• **Required action**
Below are some records. Return exactly their lines from the one containing "格蘭仕微波爐廣州售后服務維修中心：專業守護您的廚房生活？" through the one containing "Social Justice Sally", and drop the pictures.

Top of Study material

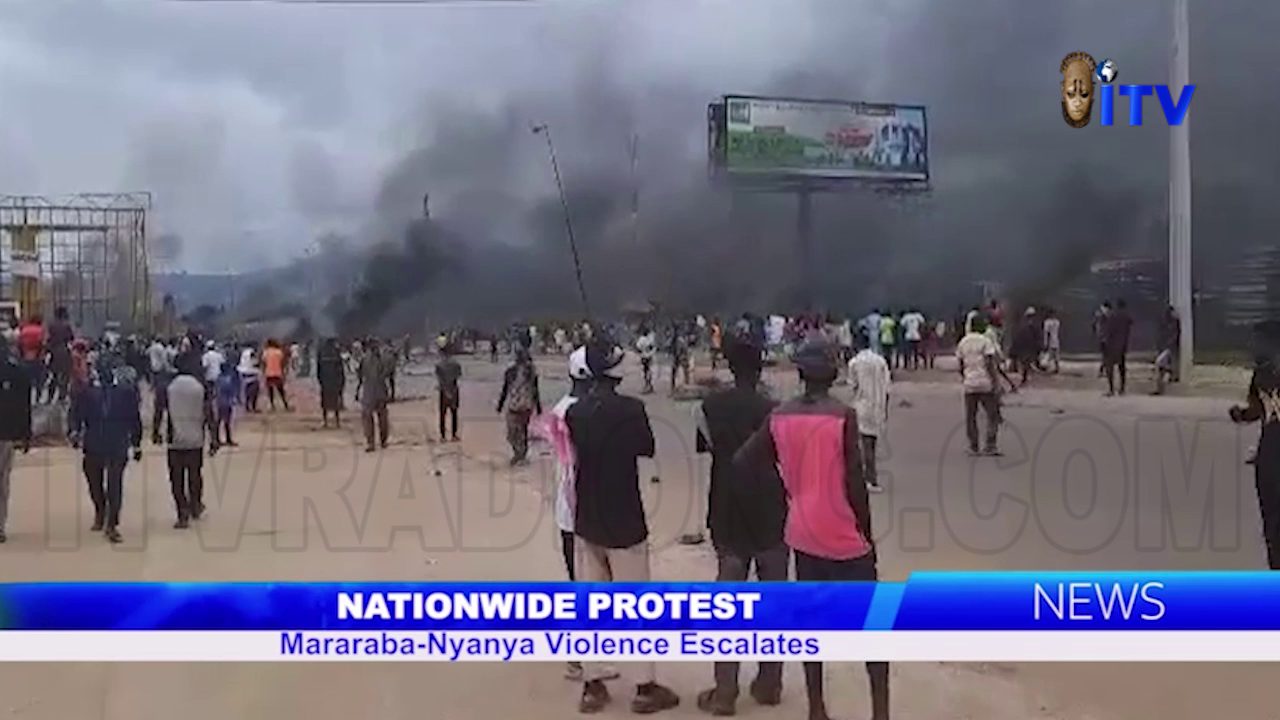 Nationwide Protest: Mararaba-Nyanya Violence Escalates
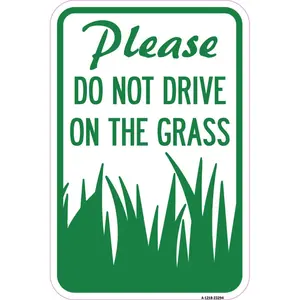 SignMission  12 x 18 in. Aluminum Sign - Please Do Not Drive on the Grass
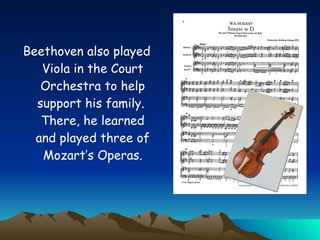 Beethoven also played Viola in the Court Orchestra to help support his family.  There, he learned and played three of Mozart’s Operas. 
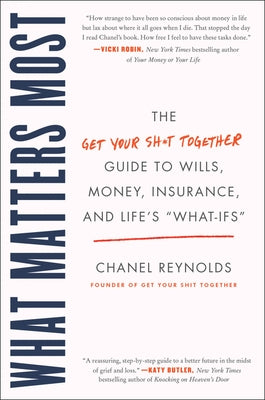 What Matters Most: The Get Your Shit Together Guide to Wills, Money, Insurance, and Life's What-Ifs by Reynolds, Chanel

Bottom of Study material
Top of Study material

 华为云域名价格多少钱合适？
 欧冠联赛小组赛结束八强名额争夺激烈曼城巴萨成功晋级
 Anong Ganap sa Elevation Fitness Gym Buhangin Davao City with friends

Bottom of Study material
Top of Study material

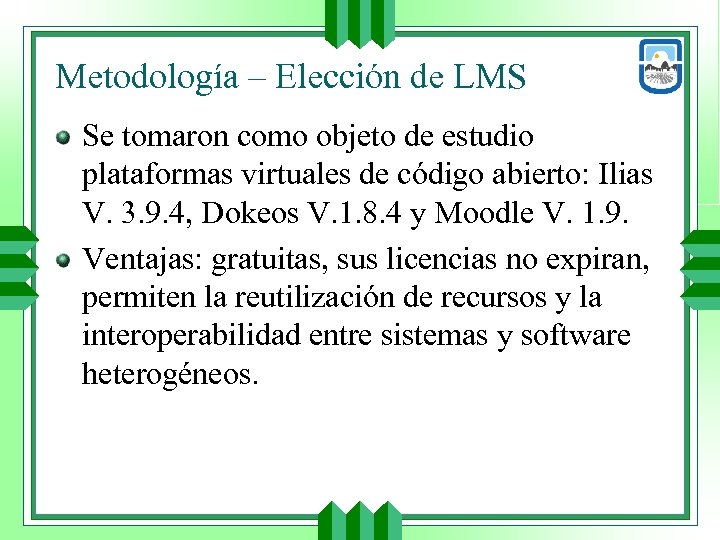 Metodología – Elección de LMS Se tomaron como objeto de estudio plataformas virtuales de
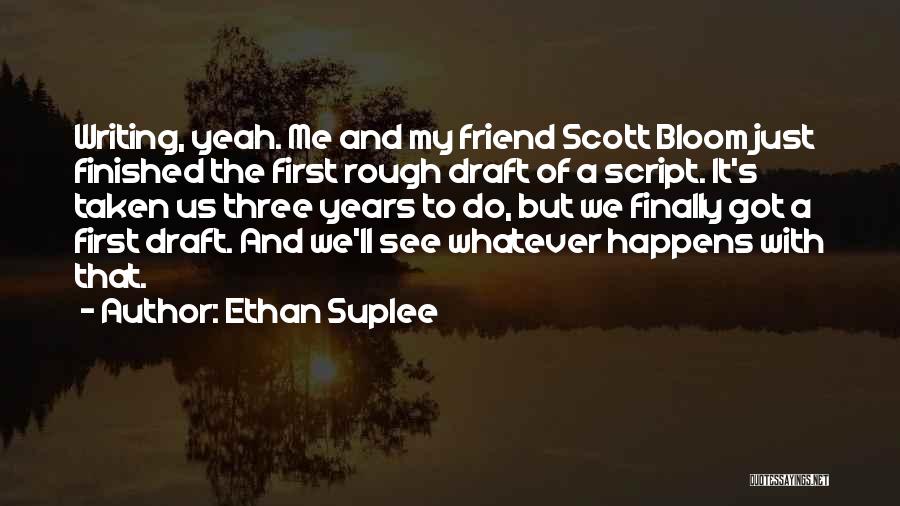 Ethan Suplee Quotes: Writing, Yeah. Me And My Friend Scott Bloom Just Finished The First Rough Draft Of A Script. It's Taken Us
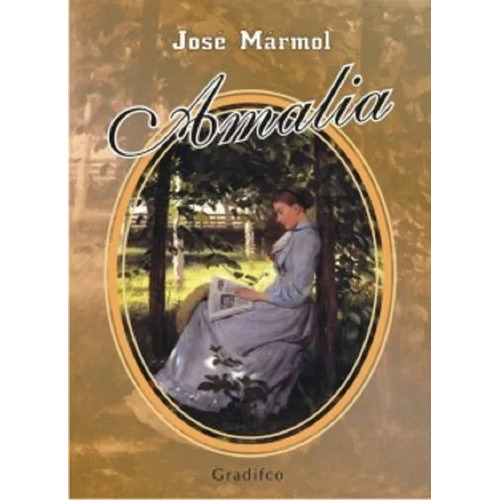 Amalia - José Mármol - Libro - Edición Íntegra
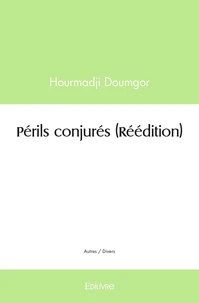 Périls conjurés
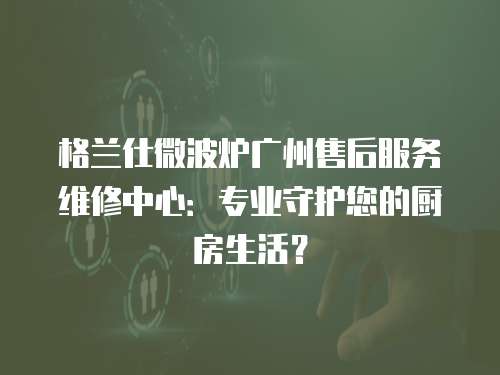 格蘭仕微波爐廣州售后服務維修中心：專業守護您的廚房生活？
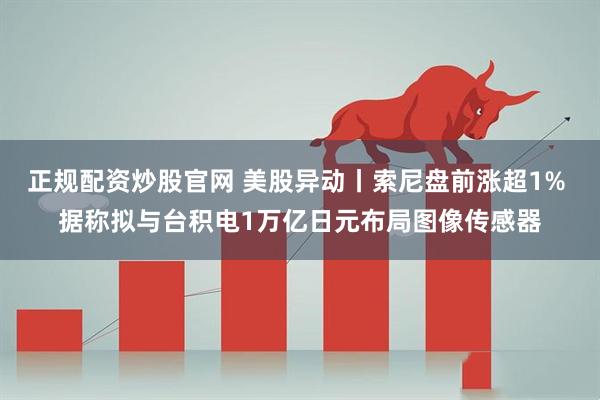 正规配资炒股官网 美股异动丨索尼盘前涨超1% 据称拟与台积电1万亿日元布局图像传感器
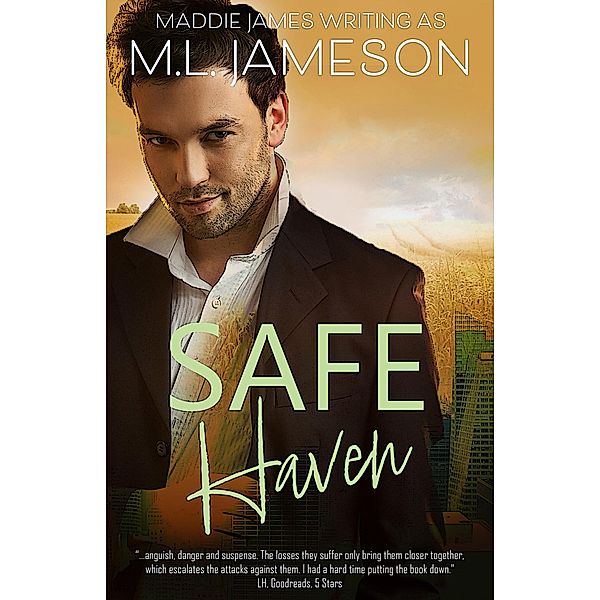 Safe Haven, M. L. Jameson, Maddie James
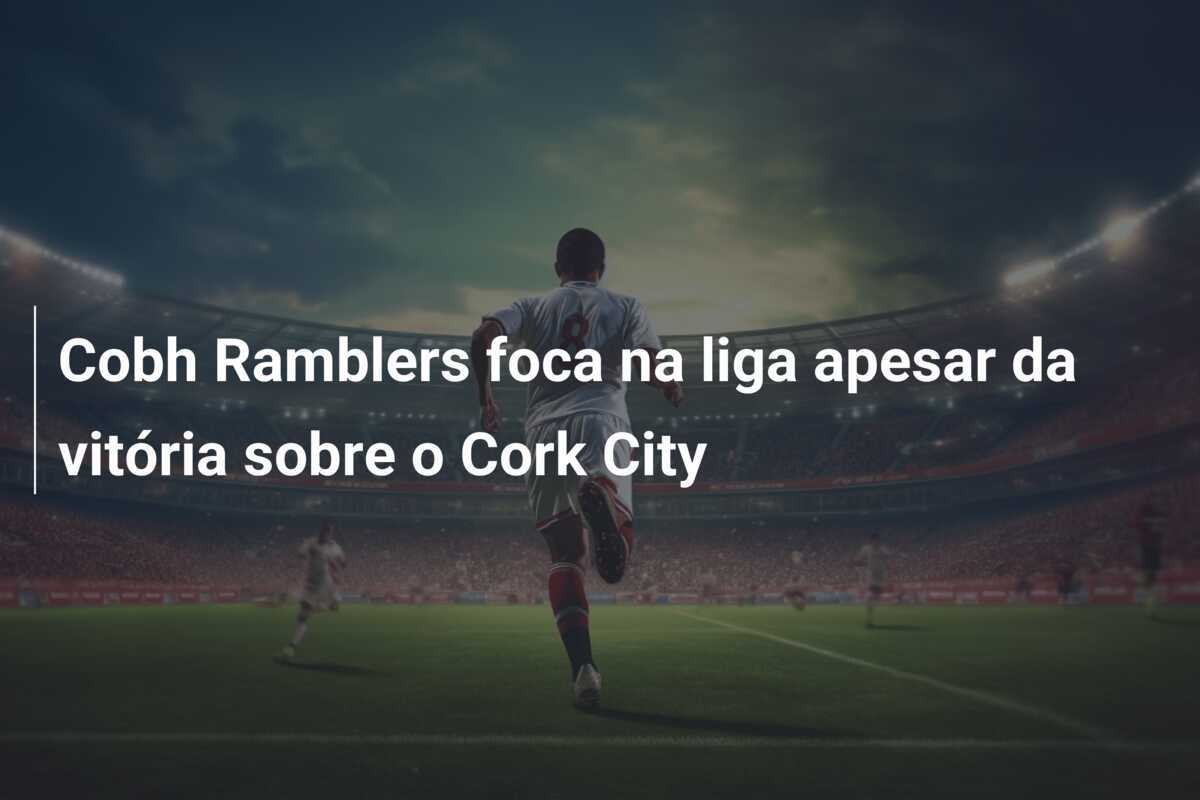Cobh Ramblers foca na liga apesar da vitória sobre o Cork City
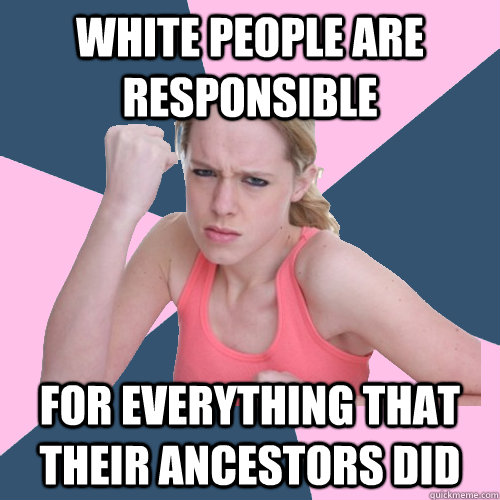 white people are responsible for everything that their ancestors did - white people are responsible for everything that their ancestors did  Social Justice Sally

Bottom of Study material

• **Output of the exercise**
 格蘭仕微波爐廣州售后服務維修中心：專業守護您的廚房生活？
 正规配资炒股官网 美股异动丨索尼盘前涨超1% 据称拟与台积电1万亿日元布局图像传感器
 Safe Haven, M. L. Jameson, Maddie James
Cobh Ramblers foca na liga apesar da vitória sobre o Cork City
 white people are responsible for everything that their ancestors did - white people are responsible for everything that their ancestors did  Social Justice Sally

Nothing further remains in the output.